Buried evidence "If you don't have a crater, you're a little bit lost," said space scientist Ted Bunch of Northern Arizona University, a member of the research team. "Here what we have is something similar to an aerial bomb blast. With these aerial bursts, with time all the evidence is wiped away unless it's buried."
In addition to the Mexican site, the scientists have found signs of an impact in Canada, the United States, Russia, Syria and various sites in Europe. And all of these bits of evidence were found buried in a thin layer of rock that dates to precisely 12,900 years ago.
"If you have an event like this in a 1- or 2-inch layer that dates to exactly the same age over a very large area, and you have high-temperature materials and nanodiamonds in there, the evidence pretty well points to an event that (is) pretty disastrous," Bunch told Space.com.
This wouldn't have been the only aerial impact event ever to hit Earth.

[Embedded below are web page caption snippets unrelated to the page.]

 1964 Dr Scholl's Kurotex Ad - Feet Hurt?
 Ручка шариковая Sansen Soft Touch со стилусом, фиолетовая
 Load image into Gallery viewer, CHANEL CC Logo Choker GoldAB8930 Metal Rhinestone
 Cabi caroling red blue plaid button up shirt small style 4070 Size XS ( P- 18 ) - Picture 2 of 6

Scientists think a space rock exploded over Siberia in 1908, flattening 500,000 acres (2,000 square kilometers) of forest in what's known as the Tunguska event.
Israde et al. (2012)
This scanning electron microscope image shows a magnetic impact spherule likely to have been created by an asteroid or comet impact 12,900 years ago, researchers say.

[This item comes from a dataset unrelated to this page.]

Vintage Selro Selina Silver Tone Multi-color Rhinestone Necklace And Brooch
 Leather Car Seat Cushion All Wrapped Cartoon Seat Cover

Heat flash If a comet, which would have been traveling at about 30 miles per second, impacted Earth's atmosphere, it would have created a flash of extreme heat reaching about 3,000 to 4,000 degrees Fahrenheit (1,600 to 2,200 degrees Celsius).

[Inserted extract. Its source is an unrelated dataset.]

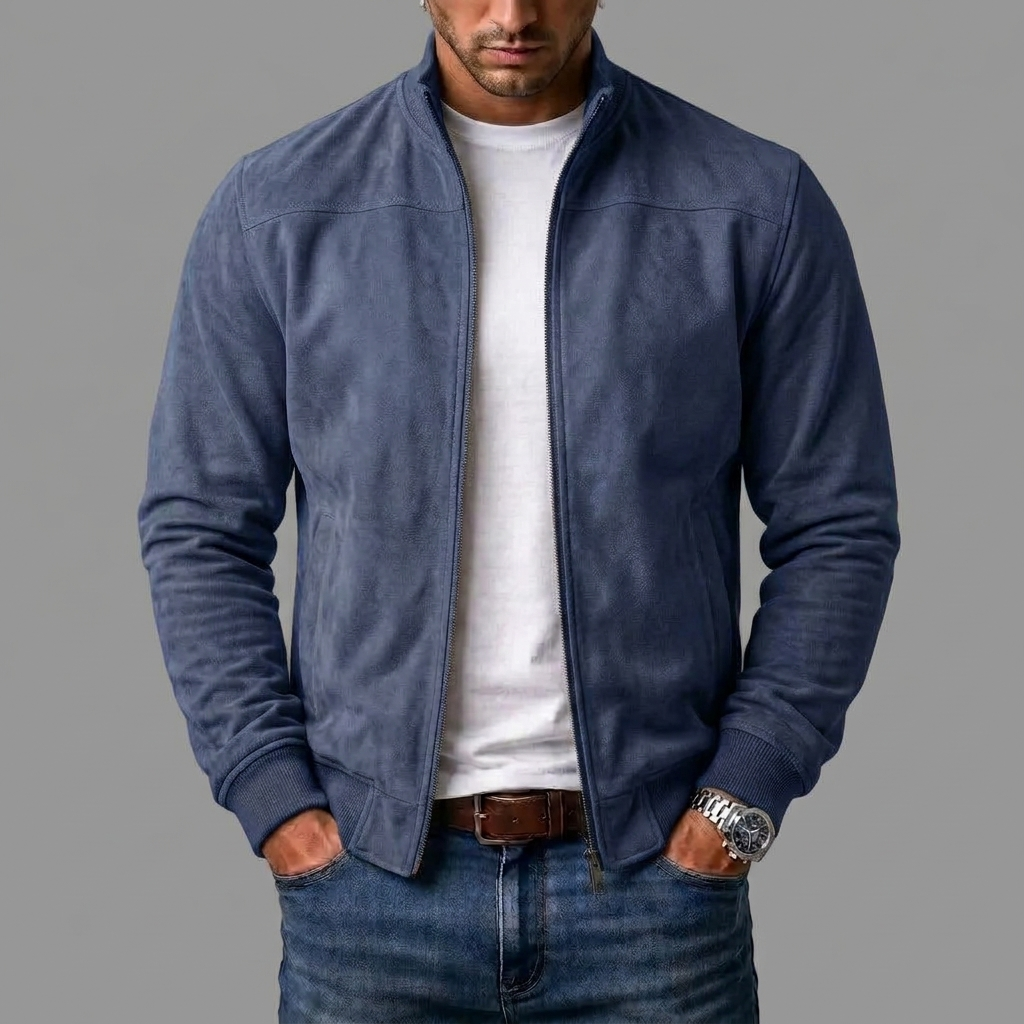 SUEDE RIBBED BOMBER JACKET FOR MEN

In addition to melting the ground, such temperatures would have proven cataclysmic to many kinds of life.
At the same time that the impact may have taken place — 12,900 years ago — Earth was beginning an ice age. It is known that many large animals, such as the mammoth and the saber-toothed cat, did not survive this age. There's even evidence of a population decline in humans living in North America at the time, called the Clovis culture.
The researchers aren't claiming that the comet impact caused the climate changes at the time, but Bunch said such an event would have had a significant effect on Earth's climate.
"We're not going to come out and say it did do it, but it's more than a coincidence that the timing happened exactly the time that a lot of climatic conditions occurred and you had the loss of various species," Bunch said.
Still, the researchers predict some skeptics will remain unconvinced that Earth was hit by space rock during the Younger Dryas.
"There's always going to be theoretical and statistical people who would never believe it even if they were there," Bunch said. "I think what we're trying to do is open up a vista there for people to examine the data themselves and make their own conclusions.